Data provided:

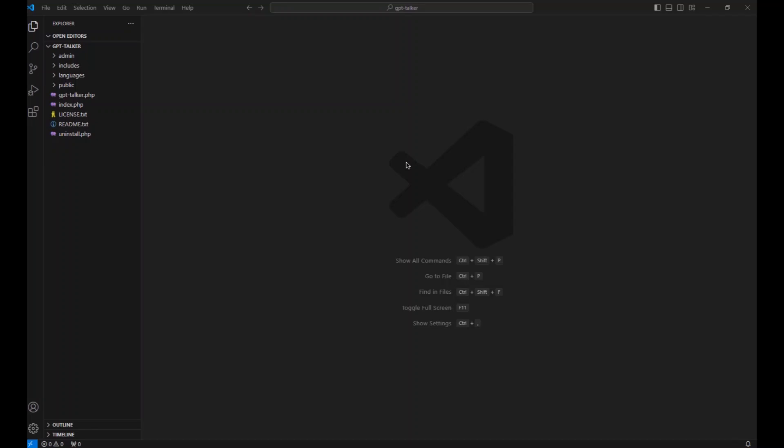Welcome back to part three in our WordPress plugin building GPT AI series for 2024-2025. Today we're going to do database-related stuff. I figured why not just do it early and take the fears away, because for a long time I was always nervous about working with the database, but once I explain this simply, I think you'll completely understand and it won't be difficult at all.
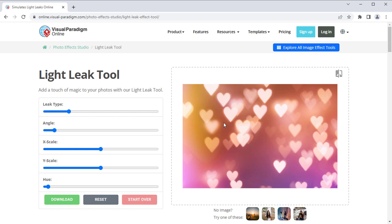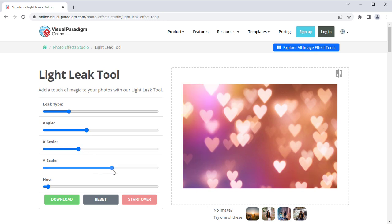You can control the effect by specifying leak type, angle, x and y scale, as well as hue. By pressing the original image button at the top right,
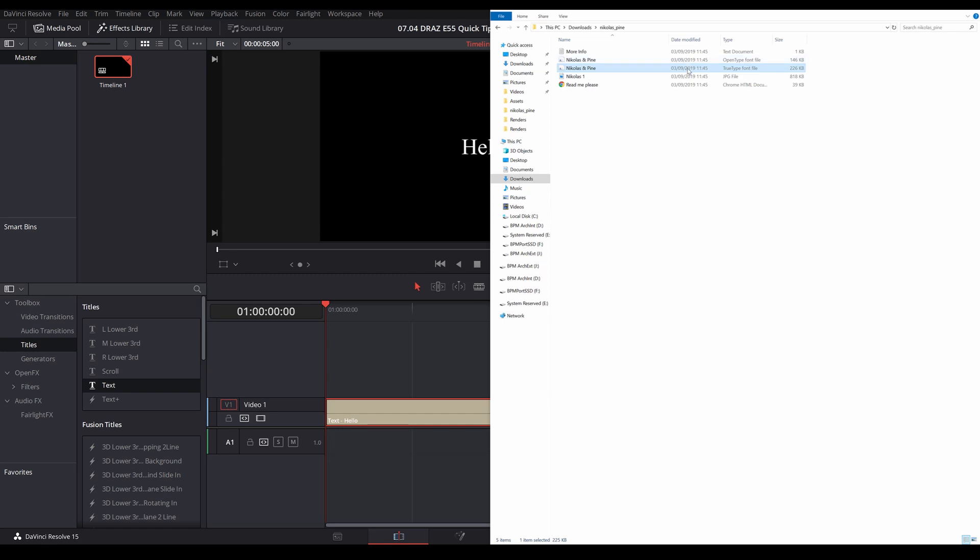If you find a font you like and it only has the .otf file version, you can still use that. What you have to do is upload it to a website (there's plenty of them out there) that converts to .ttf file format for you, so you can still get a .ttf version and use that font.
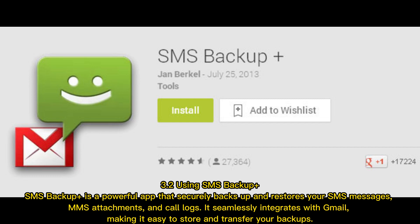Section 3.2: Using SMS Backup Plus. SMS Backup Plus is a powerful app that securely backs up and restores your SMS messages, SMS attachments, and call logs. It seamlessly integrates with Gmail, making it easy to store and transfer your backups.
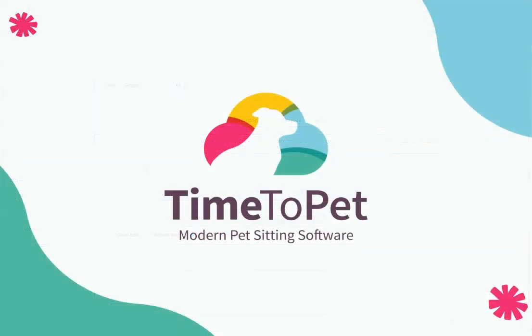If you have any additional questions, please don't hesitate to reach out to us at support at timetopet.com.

Aim of the exercise: Working from the lines above, reproduce the material exactly and exclude its pictures.

Reply:
Welcome back to part three in our WordPress plugin building GPT AI series for 2024-2025. Today we're going to do database-related stuff. I figured why not just do it early and take the fears away, because for a long time I was always nervous about working with the database, but once I explain this simply, I think you'll completely understand and it won't be difficult at all.
You can control the effect by specifying leak type, angle, x and y scale, as well as hue. By pressing the original image button at the top right,
If you find a font you like and it only has the .otf file version, you can still use that. What you have to do is upload it to a website (there's plenty of them out there) that converts to .ttf file format for you, so you can still get a .ttf version and use that font.
Section 3.2: Using SMS Backup Plus. SMS Backup Plus is a powerful app that securely backs up and restores your SMS messages, SMS attachments, and call logs. It seamlessly integrates with Gmail, making it easy to store and transfer your backups.
If you have any additional questions, please don't hesitate to reach out to us at support at timetopet.com.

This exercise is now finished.